Gross margin for Q1 2024 decreased 82% to $94,000 compared to $537,000 for Q1 2023 reflecting the decline in revenues and the equivalent lower costs that were largely in-line with the revenue decrease. The gross margin was improved in our technology systems business despite the relatively small revenue recorded.

 

Operating expenses for Q1 2024 increased 6% to $2.86 million compared to $2.68 million for Q1 2023. The increase in expenses is attributed to investment in sales resources for expanding the commercial team. This was offset by reductions in R&D and administrative costs due to the completion of certain activities and the impact of previously implemented cost reductions.
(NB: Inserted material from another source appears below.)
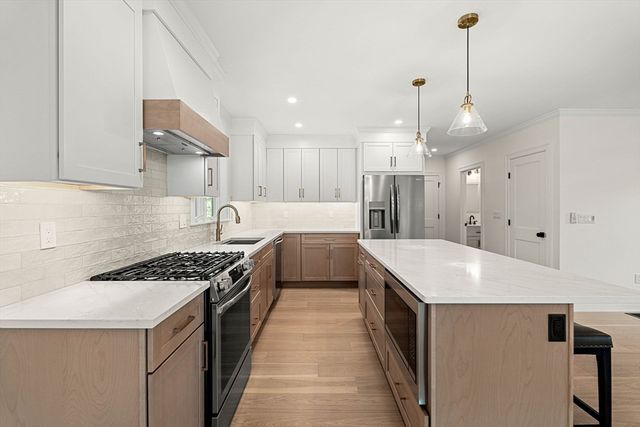 5 Ciaramitaro Ct, Gloucester, MA 01930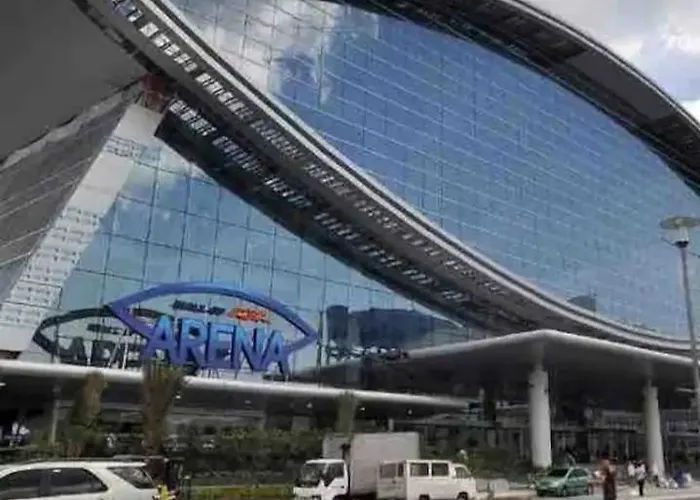 Cozy 1 Bedroom With Balcony Facing Pool Near Moa,ikea Near Apartment *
Stable operating expenses are expected for the remainder of 2024 while we continue to focus on further efficiencies to support anticipated revenue growth.

 

Net operating loss for Q1 2024 totaled $2.76 million compared to net operating loss of $2.15 million for Q1 2023. Operating losses were higher than the comparative quarter a year ago, but the increase was proportionally less than the relative decrease in revenues and gross margin should have produced.

 

Net loss for Q1 2024 totaled $2.75 million compared to net loss of $2.14 million for Q1 2023. The 28% increase in net loss was mostly attributed to the decrease in revenues as described above from timing delays along with growing expenses but was smaller than expected as we were successful in driving higher margins from our project business, a trend which is expected to continue.

 

Cash and cash equivalents at March 31, 2024 totaled $2.98 million compared to $2.44 million at December 31, 2023. In addition, the Company had over $1.5 million in receivables and contract assets for a total of approximately $4.5 million in cash and expected short-term liquidity.

 

 
 

 

Financial Outlook

At the end of the first quarter, the Company’s contracts in backlog and near-term renewals and extensions is now more than $10 million in revenue, of which approximately $7 million is expected to be recognized during the remainder of 2024. The balance of contract backlog is comprised of multi-year service and software agreements as well as project revenues.

 

Duos anticipates an improvement in operating results to be reflected over the course of the full year in 2024. As a result of timing and other factors, the Company expects revenues in the second quarter of 2024 to be in-line with the first quarter of 2024 before ramping up in the latter half of the year.

 

Management Commentary

"The Company made solid progress in Q1 particularly in the area of new business development, patent awards and building the foundation for our subscription data offering." said Chuck Ferry, Duos CEO. “While our Q1 results were anticipated, my expectation is that we will deliver growth, particularly in the second half as the results of all our initiatives become booked revenues as indicated by the increase in backlog.”

 

Conference Call

The Company’s management will host a conference call today, May 13, 2024, at 4:30 p.m. Eastern time (1:30 p.m. Pacific time) to discuss these results, followed by a question-and-answer period.

 

Date: Monday, May 13, 2024

Time: 4:30 p.m. Eastern time (1:30 p.m. Pacific time)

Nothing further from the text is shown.